What is the recommended way of diagonalizing linear operators on CuArrays using KrylovKit? I am targeting the first 100 eigenvalues of a large matrix - Operating directly on CuArrays leads to a very large allocation on the GPU. I do this the following way:
    function gpu_wrapper!(y_d::CuArray{Tcalc}, x_d::CuArray{Tcalc})
        CUDA.@sync begin
            CUDA.@cuda threads=num_threads blocks=num_blocks two_body_operator_action_gpu!(y_d, x_d, creation_ops_d, creation_op_phase_helpers_d, annhilation_ops_d, annhilation_phase_helpers_d, coulomb_matrix_elements_d, lll_basis_d)
        end
        return
    end
I wrap this function using LinearMaps and pass it to Krylovkit’s eigensolve with an initial guess provided as a CuArray. (I set the krylodim to 110) - The memory usage on the GPU went beyond about 36GB before I shut the process down. However, if I do something like below:
    function gpu_wrapper!(y::Vector{Tcalc}, x::Vector{Tcalc})

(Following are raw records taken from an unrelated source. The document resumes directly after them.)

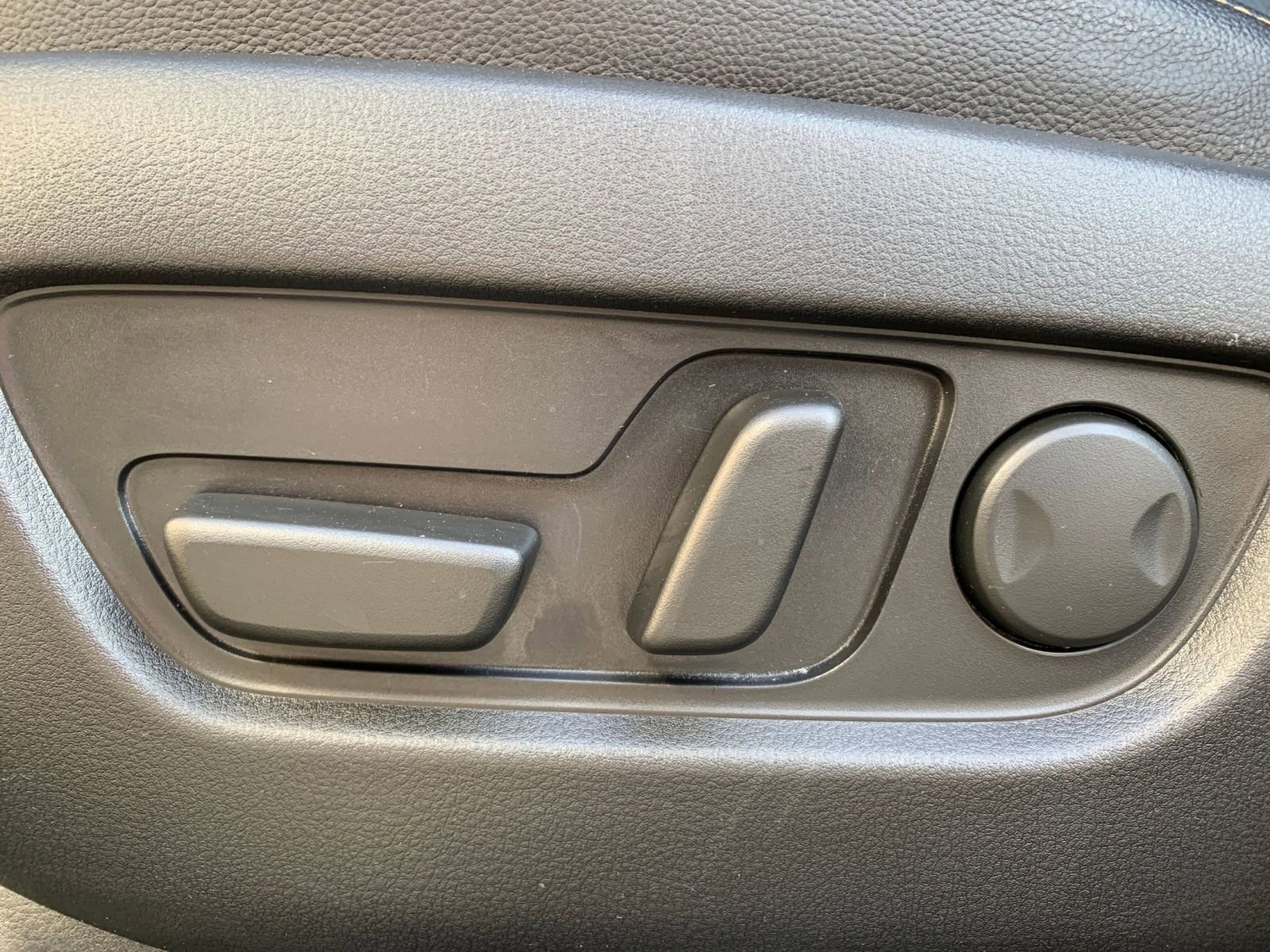 Thumbnail: 2025 Mazda CX-90 - 25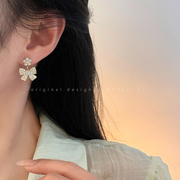 珍珠蝴蝶结花朵耳钉女高级感设计百搭耳环，2023潮轻奢小众耳饰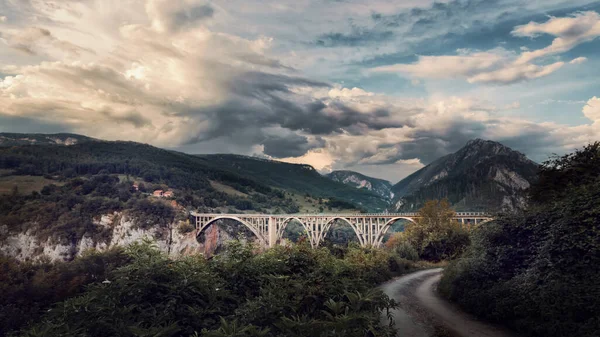 Дивовижна Сцена Тарського Мосту Річці Тара Каньйон Чорногорія — стокове фото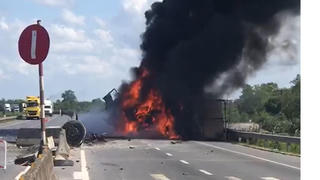 Xe tải bốc cháy dữ dội trên Quốc lộ 1A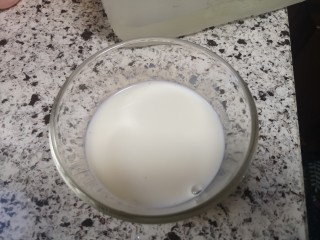 5、宝宝无糖奶酪棒,准备出250毫升的牛奶备用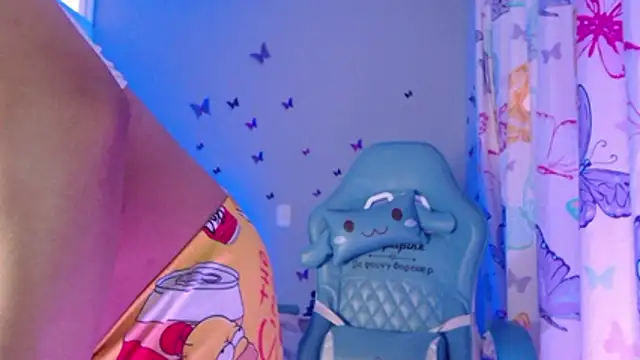 NicolleTaylor webcam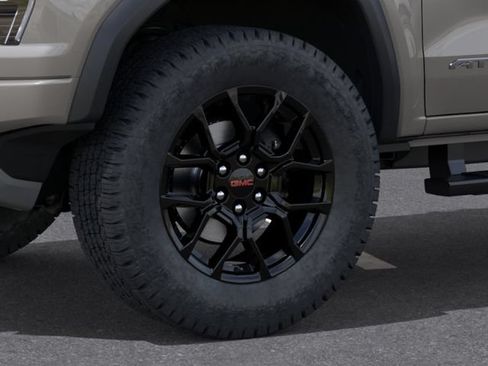 New 2026 GMC Canyon AT4 w/ Technology Plus Package AWD/4WD image 9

        x_d = CuArray{Tcalc}(undef, size(lll_basis,1))
        y_d = CuArray{Tcalc}(undef, size(lll_basis,1))
        copy!(x_d, x)
        CUDA.@sync begin
            CUDA.@cuda threads=num_threads blocks=num_blocks two_body_operator_action_gpu!(y_d, x_d, creation_ops_d, creation_op_phase_helpers_d, annhilation_ops_d, annhilation_phase_helpers_d, coulomb_matrix_elements_d, lll_basis_d)
        end
        copy!(y, y_d)
        return
    end
The memory usage on the GPU is fairly contained ~ its about 2.5-3.5 GB.
The only problem is, as you may expect, this implementation is slower than the earlier one - for the exact operator I am considering, the time spent copying the array to the device is about 1/4 the total time.